En la radio que siempre escucho, oí decir el domingo que era una barbaridad que Colo Colo no recibiera su copa de campeón en la cancha, junto a su gente, ignorando que el público albo no tenía autorización para entrar al estadio de Coquimbo. También reclamaron, casi llorosamente, que no se permitiera el ingreso de personas con camisetas blancas, bolsos o mochilas. Eso último era, definitivamente, “ridículo”. Por cierto, ningún periodista ignora que la barra alba no puede ser visitante en varias canchas y que todas las revisiones resultan inútiles.
De modo que los únicos responsables de haber faltado a la cita triunfal y empañado el final de campaña son los mismos que, durante todo el campeonato, empañaron la actuación de su equipo y del torneo. Nadie más.
Creo conocer la historia de Colo Colo, y sus triunfos siempre me han alegrado porque en su hinchada tradicional encontré siempre gente de trato cálido y amistoso, lo mismo que entre sus jugadores y algunos de sus dirigentes. Y también, por supuesto, entre sus entrenadores. No olvidaré las enseñanzas de Hugo Tassara, un adelantado; ni las del uruguayo José María Píriz, el primero al que le escuché advertir que un zaguero no debe jamás despejar hacia el centro de su propia área; ni olvidaré a los hinchas anónimos que celebraban las cosas buenas que hacían los adversarios.
Cuando hicimos “De David a Chamaco” con Julio Salviat, en los 50 años del club, comprobamos que aquel grito “¿Quién es Chile? ¡Colo Colo!” era una realidad. De algún modo, ser colocolino era una distinción, como lo pregonaba Ernesto Blake, uno de sus más distinguidos dirigentes, en 1937. Era un club popular, arraigado en las poblaciones y en todos los sectores sociales.
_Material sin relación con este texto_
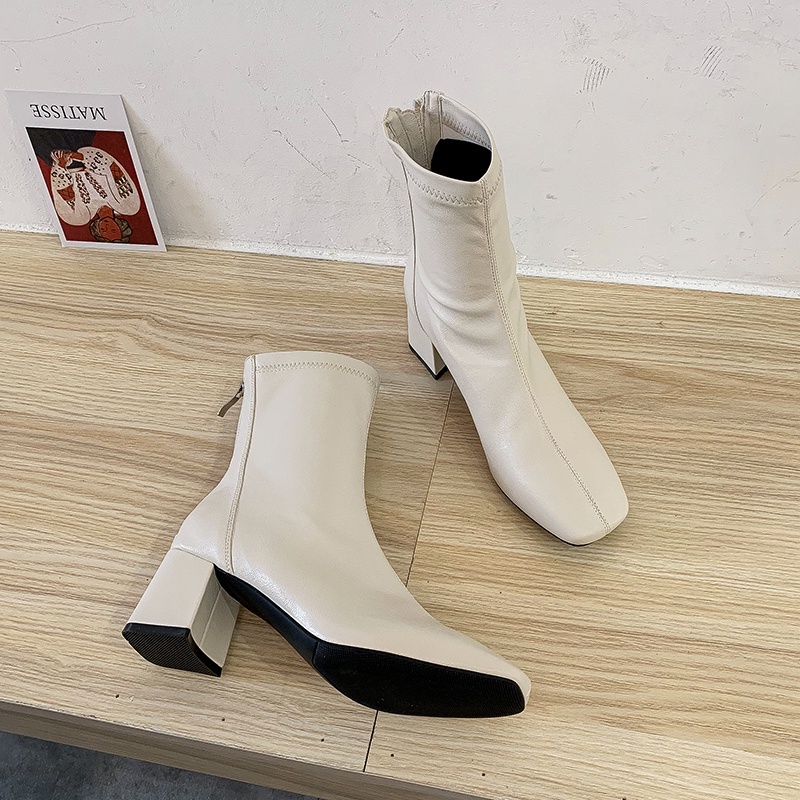 ✅PINKEY P026 Sepatu Boots Import Murah Wanita Terkini Flat Korea Terlaris Populer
No era un club de “pelusones”. Ninguna otra institución era más transversal que el Cacique.
De hecho, las elecciones albas eran un acontecimiento de tremendo impacto, con impresionantes “caupolicanazos” y encendidas oratorias de los candidatos.
“El Invicto”, el equipo de “Juego científico” de los comienzos fue ganando partidos y títulos, reconocimiento nacional e internacional, acumulando estrellas y copas, hasta cazar una Libertadores. Y en ese mismo año, 1991, decidió no recibir la copa de campeón chileno. Lo decidieron todos, dirigentes, entrenador, jugadores. Y la copa quedó abandonada en el Sánchez Rumoroso. ¡Vaya coincidencia! No querían los albos recibirla de manos de directivos de una ANFP que despreciaban.
La historia se ha repetido en el último fin de semana, pero esta vez no fue por un deseo del club, sino por una decisión de la autoridad, que prohibió, con razón, el ingreso al estadio de sus “garreros”, que dejan un reguero de destrucción por nuestra geografía futbolera. Y como es imposible distinguirlos de los seguidores pacíficos, no puede entrar ninguno.
Así es como una gran institución va perdiendo capital social. Esa pérdida no se tapa con 33 ni con 50 estrellas. Ni con una constelación.